**Captioned web images:**

────────────────────

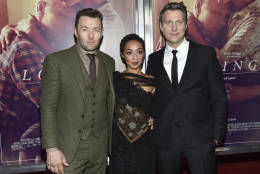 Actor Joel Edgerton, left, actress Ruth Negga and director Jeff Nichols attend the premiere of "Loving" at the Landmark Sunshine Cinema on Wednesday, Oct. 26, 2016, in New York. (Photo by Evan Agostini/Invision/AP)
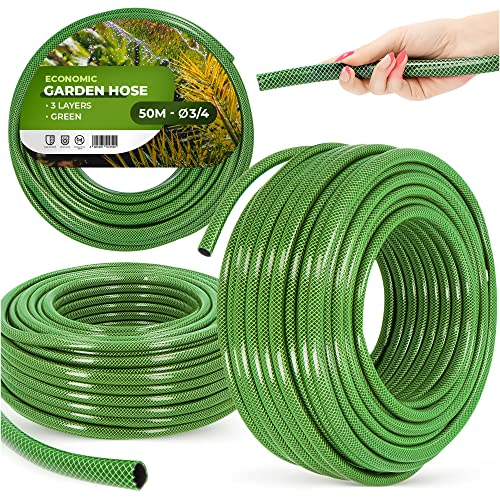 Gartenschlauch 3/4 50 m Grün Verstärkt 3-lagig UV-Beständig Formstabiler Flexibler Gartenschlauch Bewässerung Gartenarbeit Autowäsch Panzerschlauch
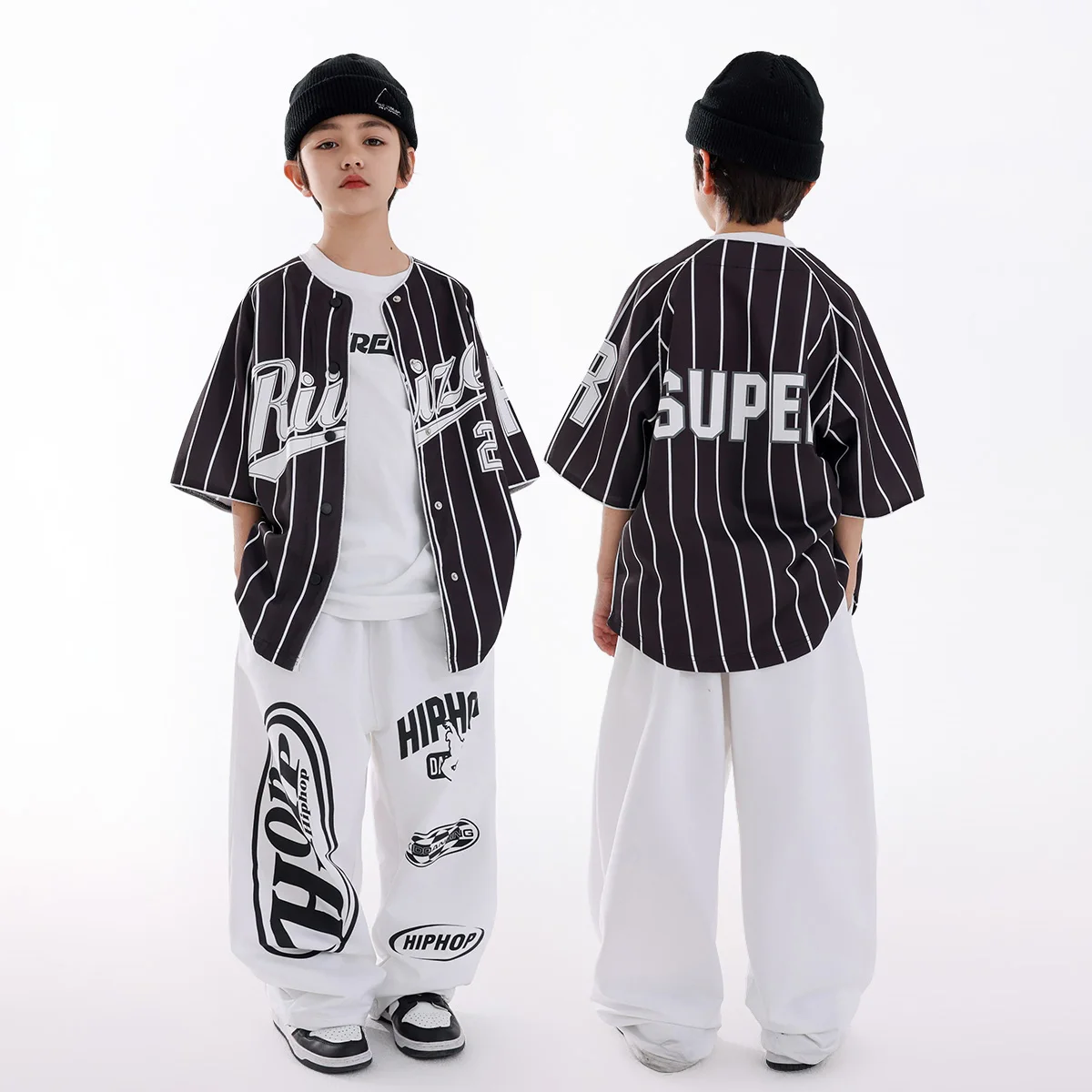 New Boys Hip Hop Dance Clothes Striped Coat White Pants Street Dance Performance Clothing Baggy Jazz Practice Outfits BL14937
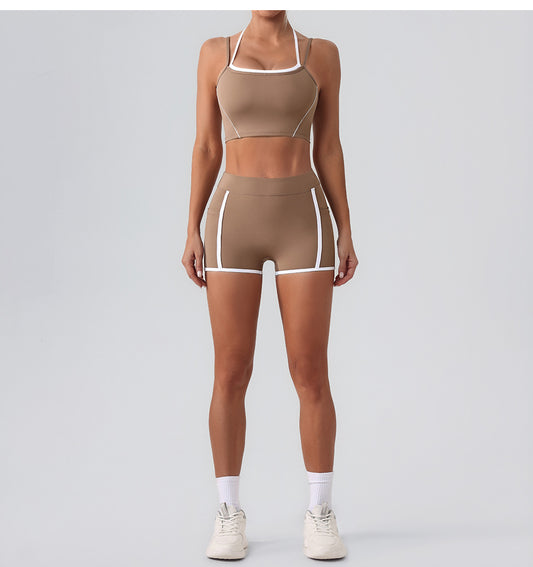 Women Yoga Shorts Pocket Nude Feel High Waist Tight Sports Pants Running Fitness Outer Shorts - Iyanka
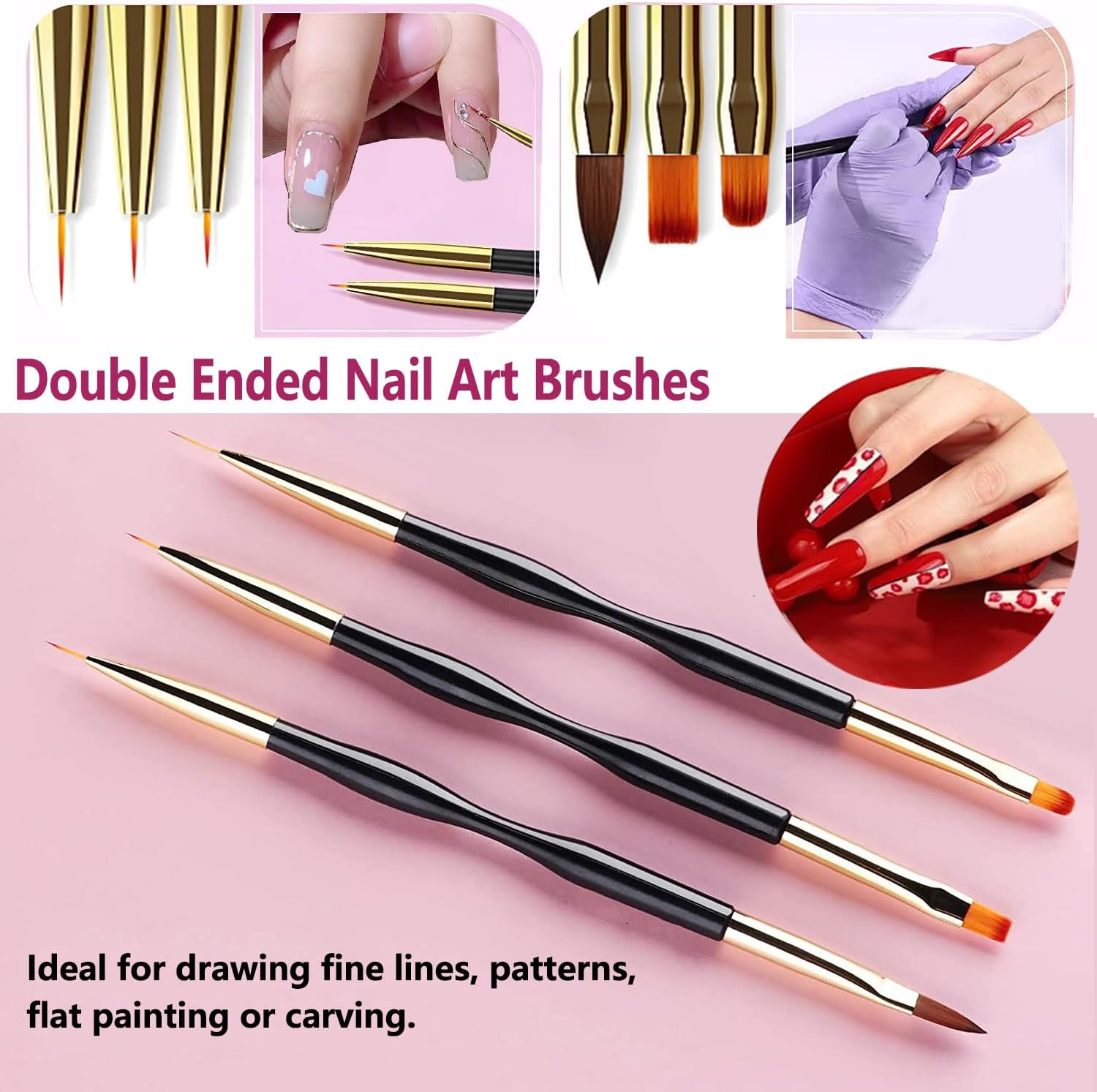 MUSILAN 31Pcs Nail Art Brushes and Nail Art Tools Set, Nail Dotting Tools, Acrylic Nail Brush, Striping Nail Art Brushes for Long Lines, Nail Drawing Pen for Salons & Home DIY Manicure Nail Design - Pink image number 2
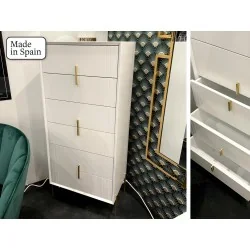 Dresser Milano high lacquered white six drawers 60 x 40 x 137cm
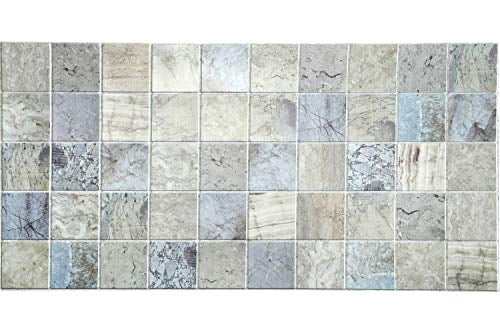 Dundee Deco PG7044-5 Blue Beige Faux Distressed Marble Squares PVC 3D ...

────────────────────

**What to do:** Every record above should be set down exactly, with the pictures left out.

**Written answer:**
 Actor Joel Edgerton, left, actress Ruth Negga and director Jeff Nichols attend the premiere of "Loving" at the Landmark Sunshine Cinema on Wednesday, Oct. 26, 2016, in New York. (Photo by Evan Agostini/Invision/AP)
 Gartenschlauch 3/4 50 m Grün Verstärkt 3-lagig UV-Beständig Formstabiler Flexibler Gartenschlauch Bewässerung Gartenarbeit Autowäsch Panzerschlauch
 New Boys Hip Hop Dance Clothes Striped Coat White Pants Street Dance Performance Clothing Baggy Jazz Practice Outfits BL14937
 Women Yoga Shorts Pocket Nude Feel High Waist Tight Sports Pants Running Fitness Outer Shorts - Iyanka
 MUSILAN 31Pcs Nail Art Brushes and Nail Art Tools Set, Nail Dotting Tools, Acrylic Nail Brush, Striping Nail Art Brushes for Long Lines, Nail Drawing Pen for Salons & Home DIY Manicure Nail Design - Pink image number 2
 Dresser Milano high lacquered white six drawers 60 x 40 x 137cm
 Dundee Deco PG7044-5 Blue Beige Faux Distressed Marble Squares PVC 3D ...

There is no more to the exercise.